Look again at that dot. That's here. That's home. That's us. On it everyone you love, everyone you know, everyone you ever heard of, every human being who ever was, lived out their lives. The aggregate of our joy and suffering, thousands of confident religions, ideologies, and economic doctrines, every hunter and forager, every hero and coward, every creator and destroyer of civilization, every king and peasant, every young couple in love, every mother and father, hopeful child, inventor and explorer, every teacher of morals, every corrupt politician, every "superstar," every "supreme leader," every saint and sinner in the history of our species lived there--on a mote of dust suspended in a sunbeam.

- Carl Sagan

The musical selection is also varied, featuring artists such as Bach interpreted by Glenn Gould, Mozart, Beethoven, Stravinsky, Azerbaijani folk music by oboe player Kamil Jalilov, Guan Pinghu, Blind Willie Johnson, Chuck Berry, Kesarbai Kerkar and Valya Balkanska, and electronic composer Laurie Spiegel.
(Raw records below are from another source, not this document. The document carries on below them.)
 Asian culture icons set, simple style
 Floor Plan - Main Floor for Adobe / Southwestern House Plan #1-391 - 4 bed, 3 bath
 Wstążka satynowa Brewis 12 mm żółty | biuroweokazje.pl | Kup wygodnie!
The inclusion of Berry's "Johnny B. Goode" was controversial, with some claiming that rock music was "adolescent", to which Sagan replied, "There are a lot of adolescents on the planet." The selection of music for the record was completed by a team composed of Carl Sagan, Linda Salzman Sagan, Frank Drake, Ann Druyan, artist Jon Lomberg, and Timothy Ferris, who was an editor for Rolling Stone at the time.
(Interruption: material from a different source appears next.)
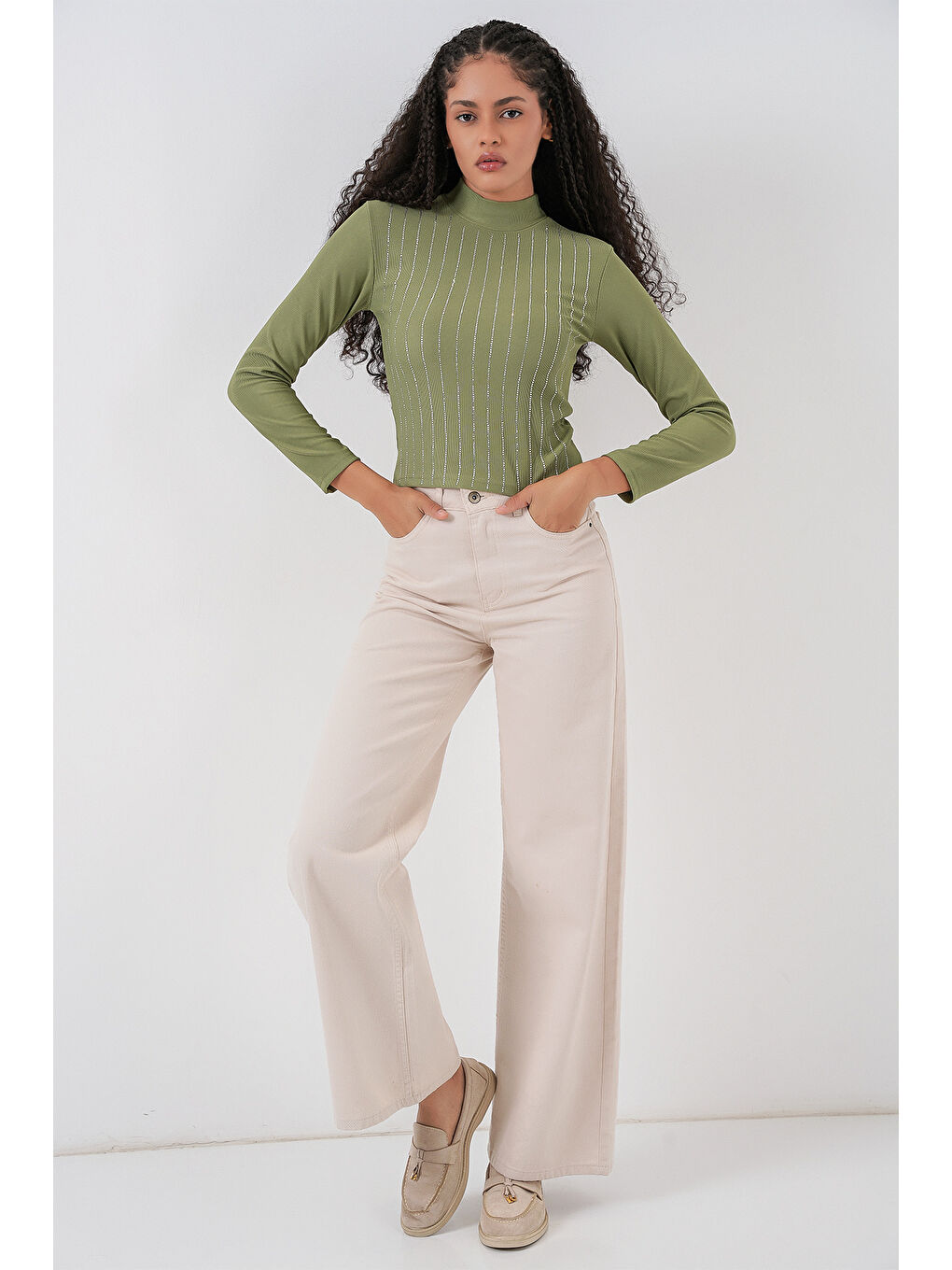 Yeşil 922 Taşlı Body - Çağla-1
This image of Neptune was taken by NASA Voyager 2 wide-angle camera; small trails of similar clouds trending east to west and large scale structure east of the Great Dark Spot all suggest that waves are present in the atmosphere and play a large role.
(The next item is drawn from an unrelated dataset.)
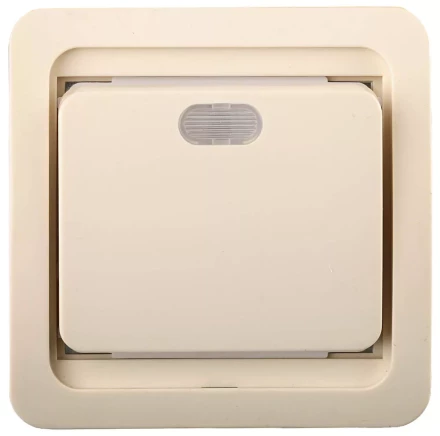 Выключатель СВЕТОЗАР &quot;ГАММА&quot; одноклавишный, с подсветкой, цвет бежевый, 10А/~250В SV-54131-B купить в Тюмени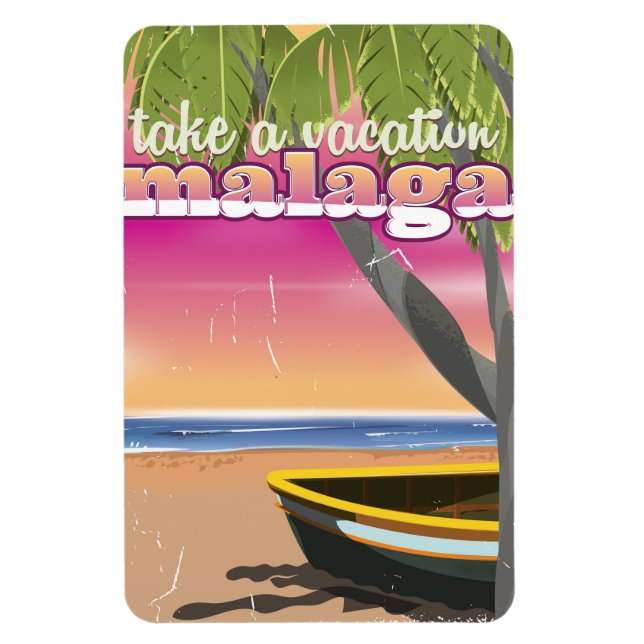 Ímã Cartaz de viagem Málaga Espanha. (Vertical)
The Golden Record also carries an hour long recording of the brainwaves of Ann Druyan. During the recording of the brainwaves, Druyan thought of many topics, including Earth's history, civilizations and the problems they face, and what it was like to fall in love.

Voyager I entered interstellar space in 2013. It’s almost 13 billion miles away from Earth, and in about 40,000 years it will be within 1.6 light years of a star in the constellation of Camelopardalis. Voyager II is right on its tail. We may never know whether an extraterrestrial civilization ever listens to the Golden Record.